Patrick Corbin threw seven scoreless innings on the mound in LA when he went up against the Dodgers back in May, giving up three hits and four walks, but no runs in what ended up a 6-0 win for Washington.
Corbin threw 107 pitches total in that outing, generating 12 swinging strikes and four called strikes with the 44 sliders he threw to the Dodgers, with 20 swings and misses and 16 called strikes overall in that start on the road in Chavez Ravine.
On the season, the 30-year-old left-hander threw his slider 37% of the time, with a .158 BAA on the pitch, which Dodgers’ skipper Dave Roberts told reporters on Wednesday is a tough one to pick up when mixed in with Corbin’s fastball.
“It comes out of the same lane, window,” Roberts explained, comparing it to his own left-hander Clayton Kershaw’s breaking ball.
“It’s the same thing that makes Clayton so successful.
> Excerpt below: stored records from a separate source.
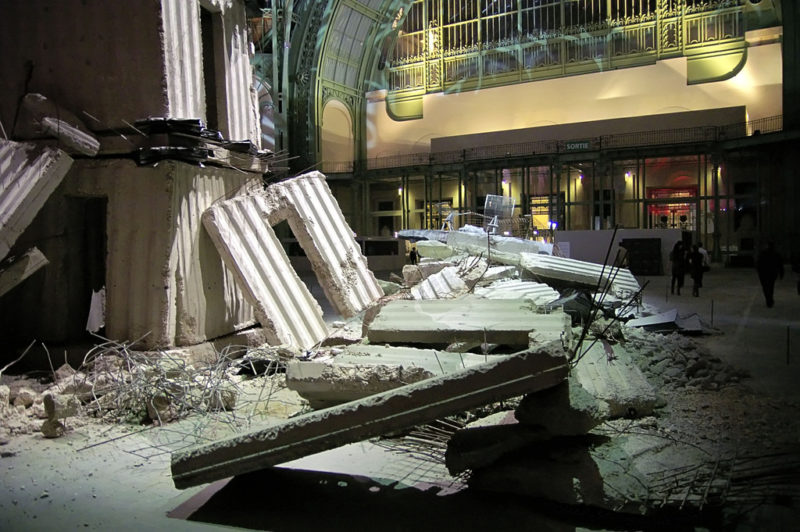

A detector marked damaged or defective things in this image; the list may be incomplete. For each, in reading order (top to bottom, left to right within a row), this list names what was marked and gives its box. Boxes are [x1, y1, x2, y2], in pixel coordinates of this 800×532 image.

broken concrete slab [0, 139, 72, 260]
cracked concrete block [0, 139, 72, 260]
broken concrete slab [0, 247, 48, 298]
broken concrete slab [416, 240, 454, 258]
broken concrete slab [472, 280, 560, 306]
broken concrete slab [520, 250, 644, 300]
cracked concrete block [520, 252, 644, 302]
broken concrete slab [368, 296, 568, 344]
broken concrete slab [282, 344, 494, 408]
broken concrete slab [572, 340, 660, 420]
broken concrete slab [170, 342, 568, 488]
You just can’t see the spin and it just has — it obviously, it has more sweep than Clayton’s does. But the point being is that it’s hard, it’s in that same window, and then it has the depth and the horizontal movement, it’s just hard to pick up.”
The key to approaching Corbin, LA’s manager said, is to force him into the zone.
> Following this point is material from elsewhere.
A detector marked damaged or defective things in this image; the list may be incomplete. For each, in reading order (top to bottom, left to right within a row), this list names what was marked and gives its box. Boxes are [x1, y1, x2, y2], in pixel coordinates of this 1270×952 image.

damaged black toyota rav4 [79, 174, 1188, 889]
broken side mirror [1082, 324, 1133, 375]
“He’s fastball, slider, and that’s to the lefty, righty,” Roberts said. “And if we can keep him in the strike zone, it increases our opportunities. But if we’re chasing below the zone, then it’s going to be a long day for us. He’s having a very good year.”
Corbin finished the 2019 regular season and the first year of his 6-year/$140M deal with Washington, with a 3.25 ERA, a 3.49 FIP, 70 walks (3.12 BB/9), 238 Ks (10.60 K/9), and a .227/.293/.375 line against in 202 IP.
He’s faced the Dodgers 21 times (19 starts) in his career, playing in Arizona before signing on in D.C. this winter, but he’s never pitched in the postseason before, so it’s going to be a new experience for the veteran starter when he takes the mound in Game 1 of the NLDS tonight.
“I’ve never pitched in the playoffs,” Corbin acknowledged, when he spoke to reporters in LA in advance of his postseason debut, “but that was a big reason why I wanted to come here, to have an opportunity to pitch in games like this, big games.
“I’m excited for the opportunity to go out there. And Dodgers have had a great season and so have we, so this should be a fun series.”
Will his familiarity with the Dodgers’ lineup and Dodger Stadium be a benefit when he takes the mound tonight?
“Yeah, I pitched here quite a bit in my time in Arizona. They know me, I know them. So it’s just going out there, executing my pitches, coming up with a good game plan. And I’m not trying to fool them. They know what I have. And just going to go out there, treat it like any other start and just be myself.”
His teammates in D.C. have had a full season to get to know Corbin, and Anthony Rendon told reporters on Wednesday that working behind the left-hander all year has given him a new perspective on what the southpaw brings to the mound.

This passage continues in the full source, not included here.